Why you can’t get the job you want

The unemployment rate dropped to 3.9% in April, and many companies say they can’t find enough workers.

But if there’s a national labor shortage, many workers sure aren’t feeling it. The portion of adult Americans who have a job or want one is historically low—which shouldn’t be the case if the demand for labor is so strong. Wages are barely growing, another sign of hidden weakness in the labor market. Median household income, adjusted for inflation, is just 1.8% higher than it was in 2000, according to Sentier Research. Economists think one reason employers have 6.6 million unfilled jobs is a growing “skills mismatch” that has left many workers unprepared for rapid technological change.

The low unemployment rate, in fact, may mask a number of chronic problems in the labor force and deceive policymakers into thinking the economy is stronger than it is. At the Milken Institute’s recent Global Conference in Los Angeles, I moderated a panel discussion that explored some of these distortions in the labor force, along with possible solutions. (Watch the panel discussion.) The upshot for workers is both discouraging and heartening. On one hand, there are pernicious barriers that prevent workers from finding jobs they’re well-suited for. So if you’re a frustrated job-seeker, maybe the problem isn’t you. The good news is that some companies and public officials recognize the problem and are working on solutions. Here are four insights from the Milken discussion:

Businesses are used to a loose labor market, not a tight one. Until recently, most businesses got all the workers they needed simply by fielding job applications. Only now are they starting to recruit more aggressively, and they don’t necessarily know how to do it. “Employers are actually not that good at letting us know what jobs they’re struggling to fill and what skills they need,” Chauncy Lennon of JPMorgan Chase said at the Milken conference. “Sometimes they’re just not going to tell you. Sometimes they don’t know and therefore can’t tell us.”

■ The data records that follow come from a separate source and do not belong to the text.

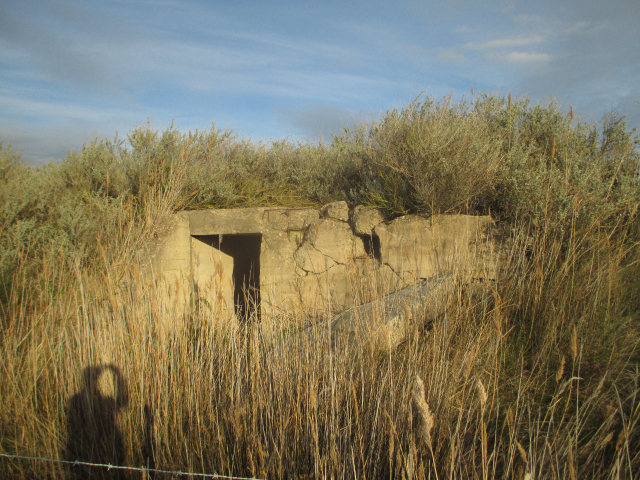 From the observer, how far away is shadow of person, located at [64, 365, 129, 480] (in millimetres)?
2275

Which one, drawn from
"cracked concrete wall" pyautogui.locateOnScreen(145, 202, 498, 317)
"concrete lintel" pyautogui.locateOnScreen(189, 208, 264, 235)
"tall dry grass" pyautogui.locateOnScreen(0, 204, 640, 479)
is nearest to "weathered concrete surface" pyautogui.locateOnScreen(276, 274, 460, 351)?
"tall dry grass" pyautogui.locateOnScreen(0, 204, 640, 479)

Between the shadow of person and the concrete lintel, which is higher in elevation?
the concrete lintel

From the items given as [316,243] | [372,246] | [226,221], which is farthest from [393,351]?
[226,221]

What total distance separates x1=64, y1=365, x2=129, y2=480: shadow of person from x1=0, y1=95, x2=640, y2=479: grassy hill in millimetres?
19

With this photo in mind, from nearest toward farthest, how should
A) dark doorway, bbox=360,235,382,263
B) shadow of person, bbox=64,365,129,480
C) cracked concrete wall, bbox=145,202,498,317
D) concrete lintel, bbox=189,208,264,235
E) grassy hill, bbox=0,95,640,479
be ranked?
1. grassy hill, bbox=0,95,640,479
2. shadow of person, bbox=64,365,129,480
3. cracked concrete wall, bbox=145,202,498,317
4. dark doorway, bbox=360,235,382,263
5. concrete lintel, bbox=189,208,264,235

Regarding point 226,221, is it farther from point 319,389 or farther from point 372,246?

There are problems involving job titles and credentialing, for instance, which in many cases aren’t standardized and vary from company to company. So two companies could use the same job description yet be referring to jobs that are considerably different. Companies are also used to getting workers trained someplace else, such as at another company or a school. Some companies are reestablishing in-house training they thought they didn’t need, but laggards don’t yet have the staff, expertise or willingness to do it themselves.